The verdict is not "abandon the loop." The four caveats ELP-1 was designed to kill are real. Claude Code session closure kills the current ScheduleWakeup loop. Stall detection is absent. A single driver is a single point of failure. These problems are worth solving.

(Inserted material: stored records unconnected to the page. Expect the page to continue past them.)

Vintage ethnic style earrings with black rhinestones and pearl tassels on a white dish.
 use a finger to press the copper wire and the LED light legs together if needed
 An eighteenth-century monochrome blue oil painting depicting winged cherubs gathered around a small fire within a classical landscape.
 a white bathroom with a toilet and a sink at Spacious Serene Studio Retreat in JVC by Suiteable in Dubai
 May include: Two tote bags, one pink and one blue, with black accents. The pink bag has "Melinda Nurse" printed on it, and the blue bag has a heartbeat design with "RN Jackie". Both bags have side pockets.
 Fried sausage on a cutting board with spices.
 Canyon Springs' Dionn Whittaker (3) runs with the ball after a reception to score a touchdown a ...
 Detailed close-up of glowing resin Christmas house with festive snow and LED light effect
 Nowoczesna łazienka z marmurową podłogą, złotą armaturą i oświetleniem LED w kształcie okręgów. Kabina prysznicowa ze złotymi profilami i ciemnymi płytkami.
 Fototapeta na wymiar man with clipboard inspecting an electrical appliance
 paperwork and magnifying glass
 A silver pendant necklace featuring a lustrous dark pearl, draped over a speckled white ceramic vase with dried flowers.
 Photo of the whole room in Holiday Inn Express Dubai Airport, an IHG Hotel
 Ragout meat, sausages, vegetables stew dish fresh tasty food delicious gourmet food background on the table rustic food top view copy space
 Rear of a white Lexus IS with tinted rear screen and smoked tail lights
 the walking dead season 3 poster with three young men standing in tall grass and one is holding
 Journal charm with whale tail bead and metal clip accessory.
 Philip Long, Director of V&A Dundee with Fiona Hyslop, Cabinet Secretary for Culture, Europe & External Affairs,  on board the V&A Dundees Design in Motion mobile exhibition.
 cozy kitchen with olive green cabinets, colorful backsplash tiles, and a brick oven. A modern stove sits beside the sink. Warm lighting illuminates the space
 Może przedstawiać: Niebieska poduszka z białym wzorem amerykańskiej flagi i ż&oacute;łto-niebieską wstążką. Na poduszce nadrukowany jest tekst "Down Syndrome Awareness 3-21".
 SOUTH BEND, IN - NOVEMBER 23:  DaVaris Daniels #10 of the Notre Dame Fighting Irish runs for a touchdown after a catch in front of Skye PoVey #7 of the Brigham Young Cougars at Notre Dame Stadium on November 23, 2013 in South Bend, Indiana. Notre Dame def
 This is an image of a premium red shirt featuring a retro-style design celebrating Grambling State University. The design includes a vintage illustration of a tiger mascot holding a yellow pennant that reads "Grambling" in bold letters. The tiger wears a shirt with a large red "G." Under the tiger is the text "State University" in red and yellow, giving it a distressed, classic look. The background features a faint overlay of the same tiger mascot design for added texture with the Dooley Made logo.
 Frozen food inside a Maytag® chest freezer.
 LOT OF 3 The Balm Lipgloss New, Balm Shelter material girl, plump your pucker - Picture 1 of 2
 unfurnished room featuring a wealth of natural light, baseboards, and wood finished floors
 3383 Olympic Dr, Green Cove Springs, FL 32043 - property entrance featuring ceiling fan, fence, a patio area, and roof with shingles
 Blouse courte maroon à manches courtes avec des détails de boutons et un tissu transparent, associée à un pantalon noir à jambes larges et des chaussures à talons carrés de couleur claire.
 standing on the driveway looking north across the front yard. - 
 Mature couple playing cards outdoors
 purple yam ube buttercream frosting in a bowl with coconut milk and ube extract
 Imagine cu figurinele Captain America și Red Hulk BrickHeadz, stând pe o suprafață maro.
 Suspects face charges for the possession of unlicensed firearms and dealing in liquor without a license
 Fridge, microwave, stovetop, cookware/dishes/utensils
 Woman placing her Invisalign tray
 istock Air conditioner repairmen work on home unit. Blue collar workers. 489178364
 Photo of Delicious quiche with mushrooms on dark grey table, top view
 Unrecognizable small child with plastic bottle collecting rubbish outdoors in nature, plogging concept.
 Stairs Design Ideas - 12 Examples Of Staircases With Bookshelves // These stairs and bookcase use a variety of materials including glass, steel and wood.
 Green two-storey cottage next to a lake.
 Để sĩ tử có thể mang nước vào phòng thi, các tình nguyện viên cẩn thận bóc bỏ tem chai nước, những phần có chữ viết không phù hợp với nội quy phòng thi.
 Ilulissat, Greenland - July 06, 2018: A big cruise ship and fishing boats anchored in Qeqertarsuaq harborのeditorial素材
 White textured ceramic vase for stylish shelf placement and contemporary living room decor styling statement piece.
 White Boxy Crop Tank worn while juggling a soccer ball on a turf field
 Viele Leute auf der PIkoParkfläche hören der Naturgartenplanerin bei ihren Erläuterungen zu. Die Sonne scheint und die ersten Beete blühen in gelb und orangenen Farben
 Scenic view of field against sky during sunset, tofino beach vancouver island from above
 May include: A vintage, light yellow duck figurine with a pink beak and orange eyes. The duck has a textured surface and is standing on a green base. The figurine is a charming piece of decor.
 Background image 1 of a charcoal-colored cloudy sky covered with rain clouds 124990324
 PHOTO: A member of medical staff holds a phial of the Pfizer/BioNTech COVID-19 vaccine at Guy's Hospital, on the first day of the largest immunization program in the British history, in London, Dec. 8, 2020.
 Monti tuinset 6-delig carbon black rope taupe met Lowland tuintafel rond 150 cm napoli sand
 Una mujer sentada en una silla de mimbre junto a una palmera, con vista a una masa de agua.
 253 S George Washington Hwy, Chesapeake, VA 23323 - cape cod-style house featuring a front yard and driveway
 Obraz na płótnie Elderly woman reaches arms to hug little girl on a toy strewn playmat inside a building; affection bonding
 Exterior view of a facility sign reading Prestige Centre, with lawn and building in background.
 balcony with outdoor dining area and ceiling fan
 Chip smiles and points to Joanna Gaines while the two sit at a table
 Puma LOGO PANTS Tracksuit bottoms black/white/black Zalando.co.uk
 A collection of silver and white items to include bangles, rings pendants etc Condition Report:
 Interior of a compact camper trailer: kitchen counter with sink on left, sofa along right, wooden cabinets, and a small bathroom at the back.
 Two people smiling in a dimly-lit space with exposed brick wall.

The verdict is: replace ELP-1's bespoke distributed worker system with a thin Pulse-backed hybrid that kills the same four caveats at roughly 40

That replacement is ELP-2.

---

§1. Identity Statement

ELP-2 is a Pulse-orchestrated, criteria-driven convergence loop for SOOP-2.

What the supervisor does each cycle:

1. Read filesystem state, compute which of the 10 SOOP-2 criteria pass or fail.
2. Decide what batch of work to dispatch next (or whether Mohamed's approval is required first).
3. Dispatch via Pulse (for work that fits Pulse's session model) or inline (for trivial work).
4. Write the heartbeat file, append to the dispatch log, regenerate the dashboard.
5. Sleep and repeat.

What ELP-2 does not do:

Run its own worker pool (Pulse handles this).
Maintain a `soop2_workers` table (Pulse handles this).
Implement claim semantics with a TTL (the race condition that killed ELP-1's L5-1 finding).
Assume Supabase exists (filesystem-only in v1.0).
Escalate via telegram (dashboard banner in v1.0; telegram in v1.1).

The result is roughly 5 files instead of ELP-1's 15+, a 6-hour build instead of ~9.5 hours, and zero of ELP-1's five CRITICAL findings.

---

§2. What Changed from ELP-1 (the short version)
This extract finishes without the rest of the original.